Después escupió en la mecha con gran pasión, aunque la exigua llama ya se había apagado.
—… Tenía que haberla dejado —murmuró—. Tenía que haber dejado que todo se incendiara…
Y fue así como huyó Garnet, avergonzada hasta el paroxismo, sin saber apenas lo que hacía, por dónde doblar en el pasillo, por qué escalera descender. Huyó en tal estado de aturdimiento que ni siquiera podía llorar y, mal que bien, llegó a un pasillo helador de la parte de atrás, y a una puerta, se arrojó contra una puerta cuando los perros comenzaron a ladrar a coro, sobresaltados. Se arropó con la capa y cruzó el césped a todo correr. La luz de la luna iluminaba la prolongada colina que se metía en el lago…, iluminaba la colina, no los bosques de alrededor…, de modo que sólo podía correr en una dirección. Ahora descalza, el cabello al viento, la falda de su bonito camisón de seda comenzaba a rasgarse, pero ella corría sin parar, con la mirada fija y los ojos bien abiertos. De algún modo se le desgarró la capa que le cubría los hombros y se le cayó, salió volando. Pero siguió corriendo, ajena a los alrededores, sabiendo únicamente que no debía detenerse, que debía huir del horror que dejaba atrás y extinguirse en el lago oscuro y rumoroso que tenía delante. En su cabeza daban tumbos palabras sin sentido: Ay, Gideon, cómo te amo, no puedo vivir sin ti, siempre te he amado y siempre te amaré…, por favor, perdóname…
(¡Un ángel petrificado por el sufrimiento! ¡Una crucifixión, pensaría lord Dunraven después, en aquel rostro hermoso! Pero ¡qué imagen tan terrorífica, la de aquella noche, corriendo como una loca medio desnuda para ahogarse en las gélidas aguas de marzo de ese lago, que es el más feo de todos!).
Y fue así como huyó Garnet, y como, sin duda alguna, se habría ahogado.

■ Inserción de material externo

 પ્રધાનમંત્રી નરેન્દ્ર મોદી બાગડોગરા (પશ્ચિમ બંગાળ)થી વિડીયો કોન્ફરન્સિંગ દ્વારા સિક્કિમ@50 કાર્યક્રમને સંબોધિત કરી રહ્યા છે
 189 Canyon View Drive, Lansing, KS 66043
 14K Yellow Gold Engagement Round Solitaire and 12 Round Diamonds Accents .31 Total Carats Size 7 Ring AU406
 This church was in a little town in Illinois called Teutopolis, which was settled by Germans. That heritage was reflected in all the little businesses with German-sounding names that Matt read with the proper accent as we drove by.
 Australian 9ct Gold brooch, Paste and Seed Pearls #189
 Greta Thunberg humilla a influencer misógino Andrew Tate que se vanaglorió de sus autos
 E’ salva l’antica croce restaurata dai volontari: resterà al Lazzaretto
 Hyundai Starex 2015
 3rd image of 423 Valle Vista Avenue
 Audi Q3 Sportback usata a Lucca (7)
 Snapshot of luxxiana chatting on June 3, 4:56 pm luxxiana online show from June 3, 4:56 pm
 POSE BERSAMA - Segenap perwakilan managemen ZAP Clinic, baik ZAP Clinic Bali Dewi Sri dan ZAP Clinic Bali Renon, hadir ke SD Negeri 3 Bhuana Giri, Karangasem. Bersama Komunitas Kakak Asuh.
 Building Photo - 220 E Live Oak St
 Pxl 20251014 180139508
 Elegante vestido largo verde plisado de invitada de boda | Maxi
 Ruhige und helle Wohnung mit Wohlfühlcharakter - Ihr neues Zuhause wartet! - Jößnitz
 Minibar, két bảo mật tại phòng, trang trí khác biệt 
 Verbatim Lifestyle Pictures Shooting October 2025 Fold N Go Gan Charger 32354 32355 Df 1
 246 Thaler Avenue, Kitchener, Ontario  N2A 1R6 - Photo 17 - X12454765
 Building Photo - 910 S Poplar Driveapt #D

De no ser porque, por la más inverosímil de las casualidades (aunque, pensándolo bien, no menos probable que otras muchas casualidades que había experimentado en la vida, o que le habían contado de otras personas, razonó después lord Dunraven), en ese preciso momento apareció en el camino de entrada a la mansión Bellefleur un carruaje tirado por dos parejas de caballos perfectamente sincronizados que llevaban a Eustace Beckett, lord Dunraven, un pariente lejano de la abuela Cornelia que en un principio había sido invitado al cumpleaños de la bisabuela Elvira, y que, lamentándolo mucho, tuvo que declinar la invitación, aunque dijo (con una gentileza que Cornelia interpretó como afectuosa, más que sincera) que le gustaría visitar a su prima americana en cualquier otro momento. Desde Nueva York se envió un telegrama anunciando su llegada, pero, evidentemente, no fue entregado porque nadie lo esperaba en la mansión. Cuando el carruaje comenzó a subir el camino y pasó por la torre de entrada, lord Dunraven vio, para su asombro absoluto, una figura fantasmal bajando la prolongada cuesta a todo correr —descalza, a pesar del frío; el cabello revoloteando a sus espaldas, los brazos abiertos— y aunque la visión era en efecto alarmante (Garnet parecía una loca, ciertamente), lord Dunraven tuvo la presencia de ánimo y el valor de gritarle al conductor que detuviera el carruaje de inmediato; y se apeó y salió corriendo detrás de la chica hasta la misma orilla del lago, donde, en vista de que sus gritos no tenían efecto alguno en ella, se vio obligado a agarrarle el brazo desnudo para evitar que se zambullera en el agua.
—No, no, no lo hagas…, pobre criatura, no lo hagas… —gritó lord Dunraven, sin aliento.
La chica forcejeó tratando de liberarse. Le clavó las uñas, hasta llegó a morderlo (inofensivamente, como después se vio); se retorcía con tal violencia demoníaca que se le desgarró casi todo el camisón por la espalda, dejando al descubierto la carne desnuda.
—Te digo que no lo hagas —gruñó lord Dunraven cuando logró al fin sujetarla e inmovilizarla, un segundo antes de que sucumbiera al feliz desmayo.